● **What to do**:
Below is a listing with pictures in it; transcribe exactly the lines from the one that has "FLOWER EMBROIDERED MESH" through the one that has "I Got A Heart", and omit those pictures.

● **Study material**:
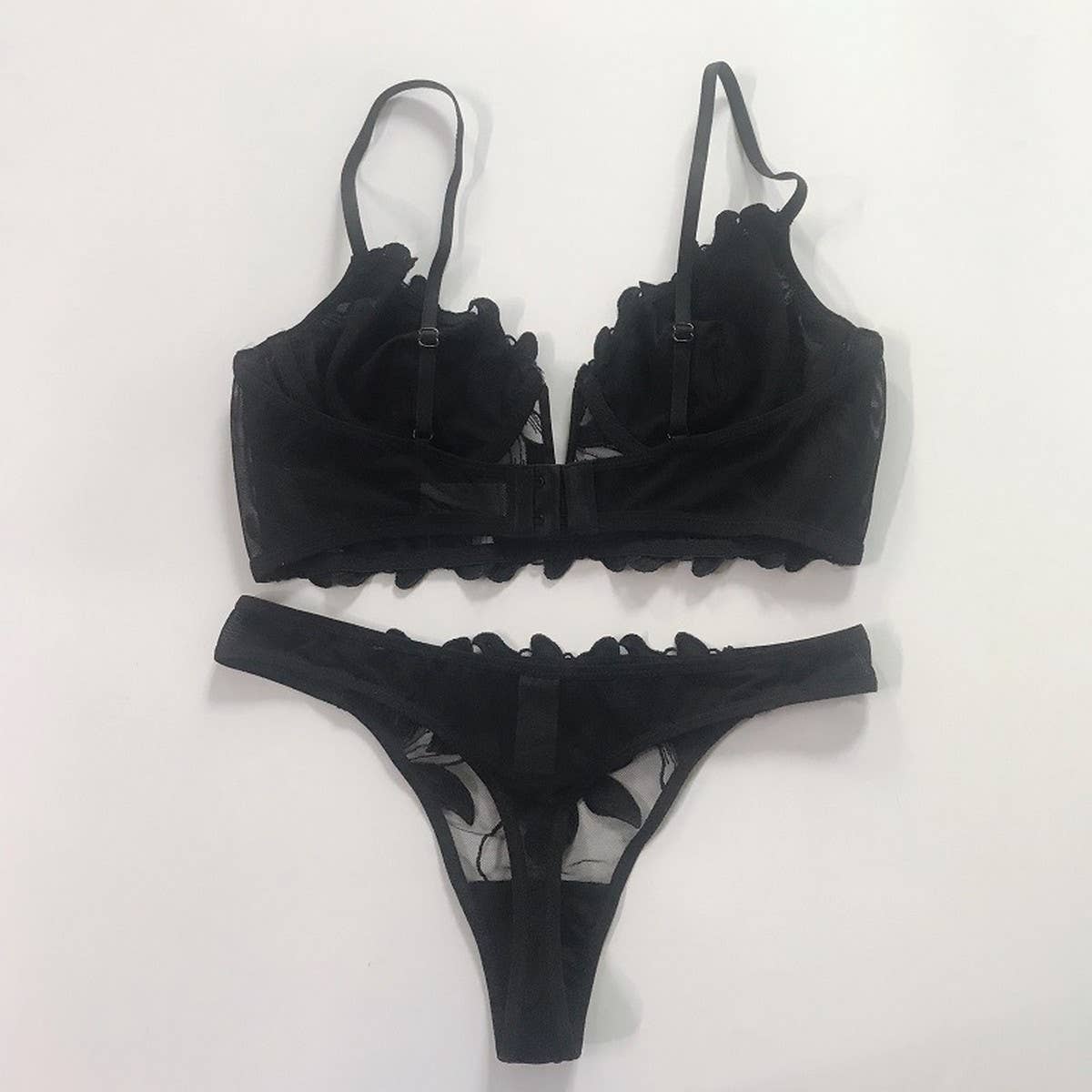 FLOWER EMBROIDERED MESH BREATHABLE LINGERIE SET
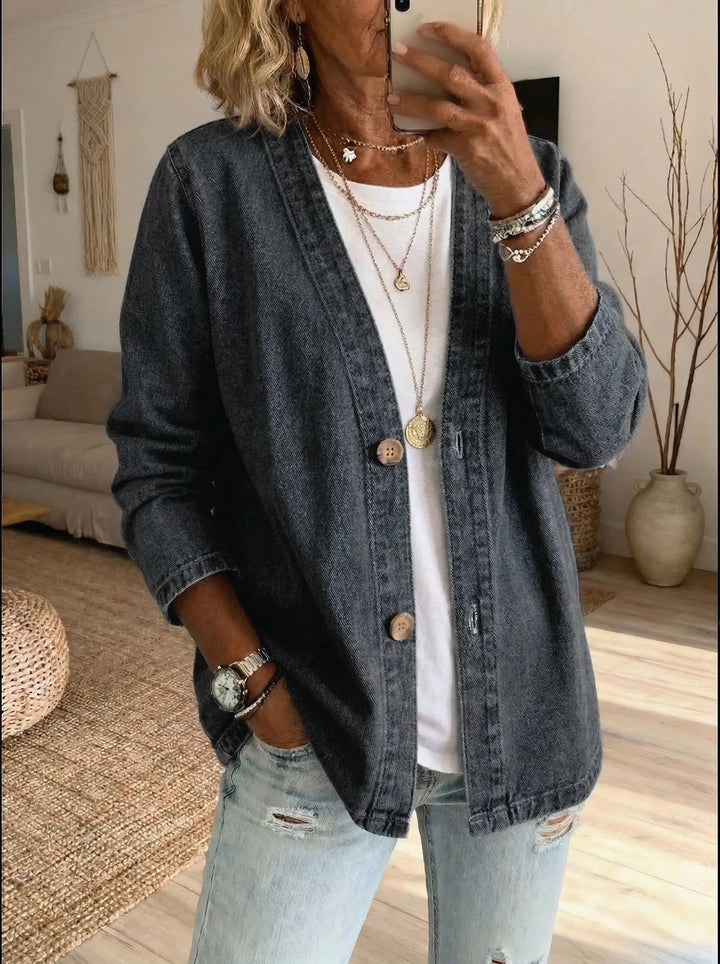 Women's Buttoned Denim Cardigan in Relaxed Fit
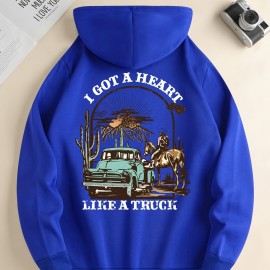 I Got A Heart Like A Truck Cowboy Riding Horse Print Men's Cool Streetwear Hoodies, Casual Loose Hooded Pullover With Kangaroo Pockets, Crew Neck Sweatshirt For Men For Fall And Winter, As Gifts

...

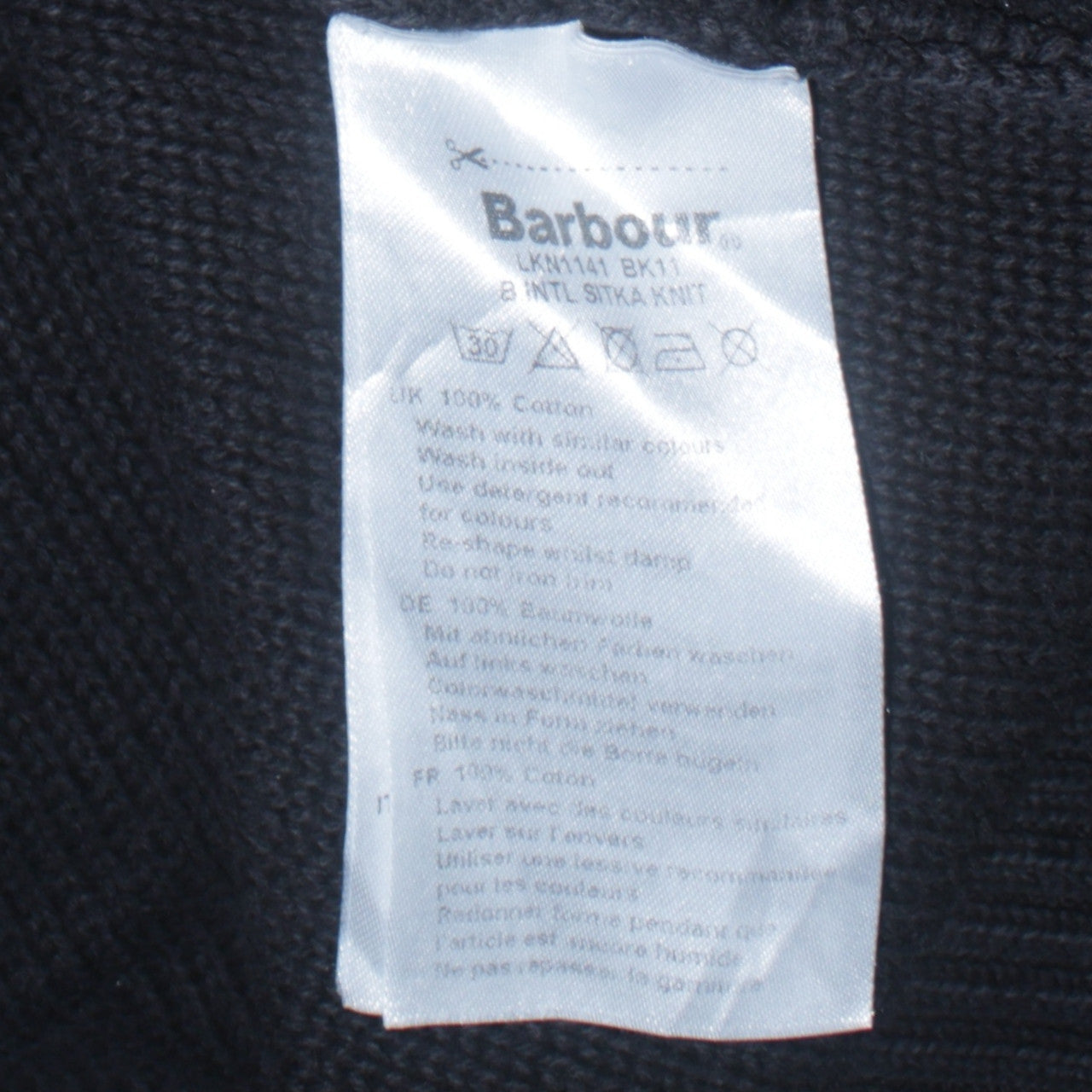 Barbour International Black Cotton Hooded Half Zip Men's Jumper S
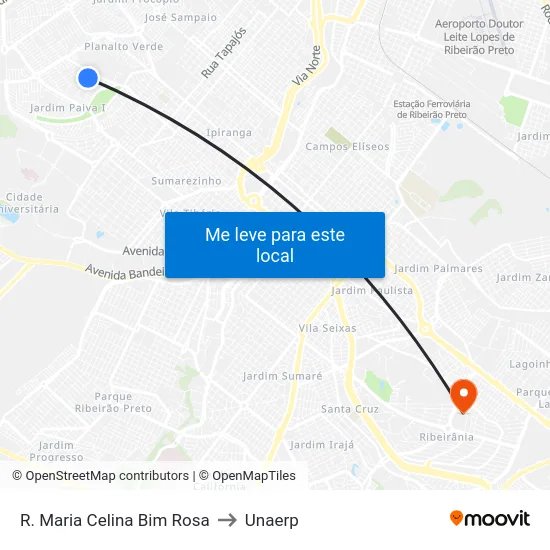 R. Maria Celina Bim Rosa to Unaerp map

---

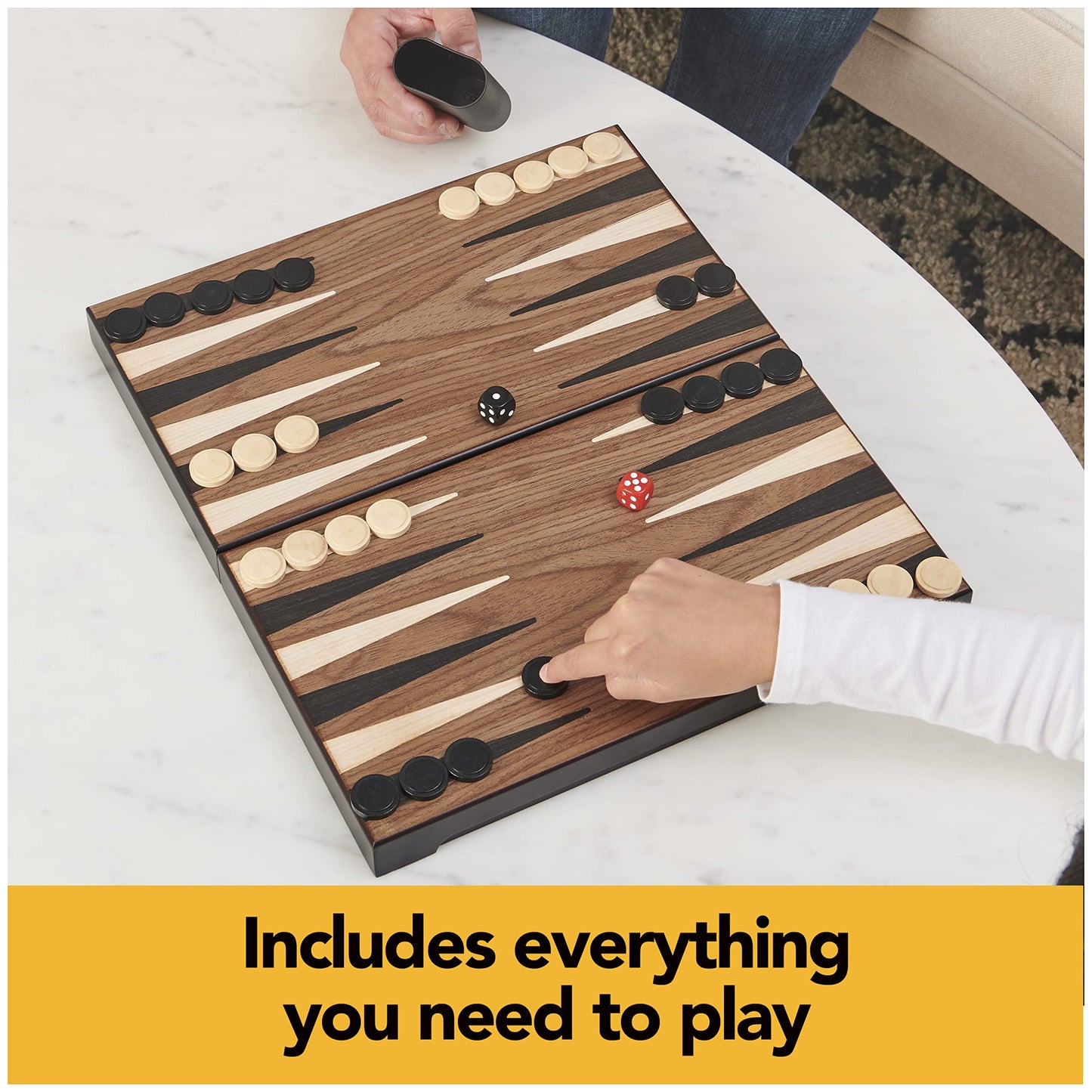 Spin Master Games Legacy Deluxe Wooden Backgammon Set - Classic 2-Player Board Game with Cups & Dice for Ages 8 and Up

● **Exercise solution**:
 FLOWER EMBROIDERED MESH BREATHABLE LINGERIE SET
 Women's Buttoned Denim Cardigan in Relaxed Fit
 I Got A Heart Like A Truck Cowboy Riding Horse Print Men's Cool Streetwear Hoodies, Casual Loose Hooded Pullover With Kangaroo Pockets, Crew Neck Sweatshirt For Men For Fall And Winter, As Gifts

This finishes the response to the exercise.